Tidak seperti di (dekat kutub) utara, bagi kita
yang hidup hanya di kawasan atau negara 2 (dua) musim, panas dan hujan, tentu tak
kan pernah bisa memegang salju seumur hidupnya, meski kita berada di dataran
tinggi sekalipun. Yang mungkin pernah kita rasakan palingan hanya hujan es atau hujan dengan butiran es sebesar
kelereng. Hujan model begini sering aku alami saat berkuliah di Bandung tahun
90-an silam. Menariknya, meski tinggal di khatulistiwa, kita masih bisa
memegang dan merasakan salju bila berkesempatan mengunjungi kawasan pertambangan
di Freeport yang berlokasi di pegunungan Jayawijaya, Papua. Ya, kita harus
mendaki hingga puncak gunung itu.
Kayak apa sih megang
salju? Apakah (rasanya) seperti memegang kapas yang terasa dingin ataukah
seperti (memegang) serutan es? Belum ada gambaran apa-apa. Lha, melihat secara
langsung salju saja belum pernah. Jika
pun melihat, itu terjadi pas nonton film-film produksi Hollywood yang kerap
ditayangkan ketika natalan tiba, seperti home alone atau yang lainnya, dengan setting tempat dan suasana bersalju. Di
film-film itu terekam bagaimana orang bule dengan pakaian tebal berjalan ketika
salju turun. Melihat mereka mengenakan pakaian yang tebal saja sudah bisa
membayangkan betapa dinginnya suhu saat itu. Lha wong semuanya dikelilingi es (salju). Saat itulah lamunanku
muncul. Ngebayangin gimana ya rasanya megang salju, atau kayak apa ya berjalan
di antara salju yang bertumpuk-tumpuk.
Alhamdulillah pada akhirnya bayangan
di film mampu dihadirkan di alam nyata saat kuberada di Amerika, Maret 2016
lalu. Awal bulan itu baru masuk musim semi, yang berarti musim salju baru saja
kelar. Udaranya masih terasa sangat dingin untuk ukuran orang Jakarta, sekitar
3 - 5 derajat celcius. Kadang suatu hari sempat pula hangat, ya sekitar 10
hingga 20 derajat celcius, tak lebih. Begitu tiba di Amerika, kota pertama yang
kukunjungi semuanya berada di tengah, dalam arti bukan di (kawasan) utara
Amerika Serikat. Ya, meski masih dingin, namun di Washington DC, Philadelphia,
dan St. Louis salju telah mencair.
Barulah di kota ke-empat yakni di Helena,
Montana, impian memegang salju benar-benar dapat terwujud. Ceritanya, sebelum
sampai ke Helana, kami harus terbang dulu, transit di Denver, Colorado. Saat
itulah pertama kalinya aku melihat gumpalan-gumpalan salju berserakan di apron
Bandara Denver. Tak sabar rasanya tangan ini ingin menggengamnya. Sayang,
sarung tangan tebal menutup rapat jari jemariku. Aku kenakan sarung tangan ini
lantaran cuaca dingin sore itu menyergapku begitu mendarat di Denver. Sama
dengan Montana, Negara Bagian Colorado dimana Denver berada masuk dalam kawasan
jajaran Pegunungan Rocky Mountain, Jadi, tak heran bila salju masih tersisa.
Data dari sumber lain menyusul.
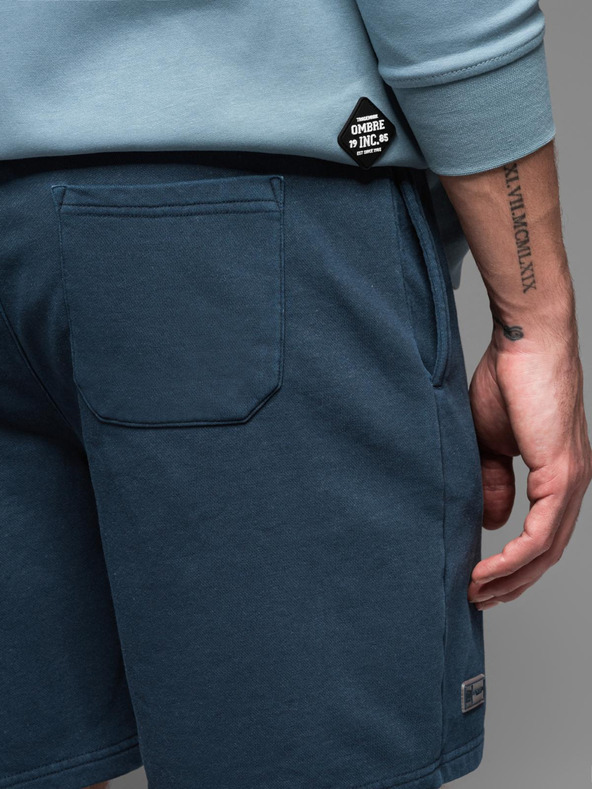 Ombre Clothing Herren-Trainingsanzug aus Baumwolle BASIC blau Ombre Kleidung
Lantaran kami harus berpindah ke pesawat yang
ukurannya lebih kecil, maka kami berjalan menuju ke pesawat melalui apron
tempat pesawat terparkir. Ketika itulah aku sempat tergelincir saat sol
sepatuku untuk pertama kalinya menginjak gumpalan salju. Beruntung, gak pake acara jatuh segala. Sama
seperti kaki yang mengenakannya, tampaknya sol sepatu buatan Tanggulangin,
Sidoarjo ini juga kaget lantaran baru berkenalan dengan dinginnya salju, hehe.. Karena diburu waktu, sepatu ini
tak sempat lagi ‘tuk bermain dan menendang-nendang gumpalan putih itu. Jadilah
aku harus segera masuk pesawat dengan masih memendam keinginan (bermain salju) yang
masih tertahan.
Begitulah, saat pesawat kecil kami mendarat,
tadinya kupikir salju akan terlihat juga di sekitaran apron Bandara Helena,
namun pemandangan itu tak tampak. Mungkin beberapa hari lalu salju telah mencair,
dan kering, meskipun suhu di Helena sangat dingin, sekitar 3 (tiga) derajat
celcuis. Nampaknya Denver lebih dingin ketimbang Helena.
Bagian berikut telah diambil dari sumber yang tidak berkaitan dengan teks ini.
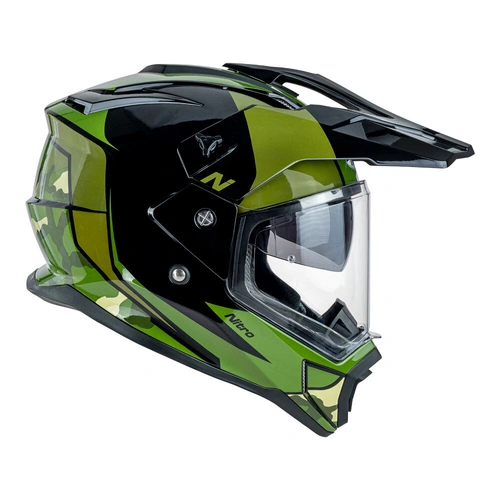 Nitro MX780 Adventure Helmet - Green Camo - S - SKU:85-607-05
Di ruang kedatangan telah menanti beberapa relawan
dari World Montana, selaku tuan rumah yang meng-arrange semua acara dan kegiatan kami selama di Montana. Karena
kami tiba malam hari, dan sudah dalam kondisi lelah, langsung saja kami menuju mobil
jemputan yang telah siap mengantar kami ke Hotel tanpa sempat merasakan dinginnya
suasana kota di malam hari. Aku menginap di Comfort Suites Hotel, Helena.
Esoknya, pagi-pagi sekali selepas sarapan di
hotel, aku keluar ruangan makan menuju tanah lapang seberang hotel. Kulihat ada
seseorang yang jogging pagi dengan anjingnya. Saat asyik menyapanya, angin
dingin bertiup dengan lembut. Di kejauhan tampak jajaran pegunungan berselimut
putih salju. Jaraknya mungkin hanya sekitar 2 hingga 3 kilo dari tempatku
berdiri. Oh ya, semalam, setelah mengantar kami, sebelum pamitan, Ellen Bush,
tuan rumah kami selama di Helena sudah menjanjikan akan mengajak kami ber-plezijer menikmati alam dan pemandangan
Montana. Ya pagi ini adalah Minggu, waktu yang tepat untuk piknik. Tujuan kami
adalah Deer Lodge, kawasan perbukitan dekat Helena.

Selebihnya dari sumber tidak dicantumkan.